Clearpath FCU, an $87 million credit union headquartered in Glendale, Calif., has acknowledged its website was hacked and subsequently taken offline by the vendor that hosted the site.
The event happened “around two weeks ago,” said John Lee, Clearpath executive vice president and chief operating officer.
He stressed that no member data was compromised in the attack. “Pretty much nothing was impacted,” said Lee, except of course for the removal of the site from the Internet.
That happened, said Lee, because the hackers had turned the site into a weapon that they were using against other sites.
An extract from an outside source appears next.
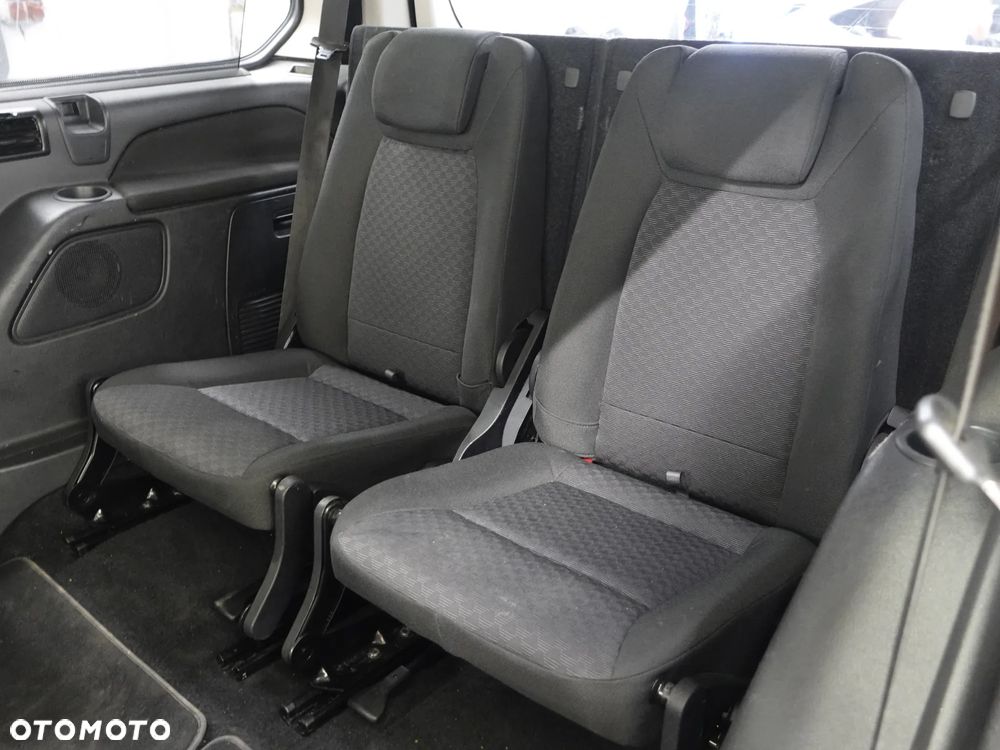 Ford Galaxy 2.0 TDCi Ghia - 23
When the host detected that, the webhost took the site down and notified Clearpath. Hackers had control of the site for “less than 24 hours,” said Lee.
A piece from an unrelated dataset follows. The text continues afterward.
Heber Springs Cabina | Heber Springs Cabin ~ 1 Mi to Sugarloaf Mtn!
The hackers apparently exploited an unpatched vulnerability in the site’s architecture. “The lesson learned,” said Lee, “is to always have the latest upgrades. That makes you less vulnerable to hackers.”
Although the Clearpath landing page is offline – and probably will be for some time as Clearpath redesigns its Web presence – Lee said members can still access the range of online services by going to a temporary page and clicking through to services such as online banking.
The Clearpath attack is not believed to have any relationship to the attacks Anonymous had said it was planning to unleash against leading banks and credit unions on May 7.
The Anonymous attack of course turned into something of a non-event, as no financial institutions have reported any Anonymous-led attacks of significance.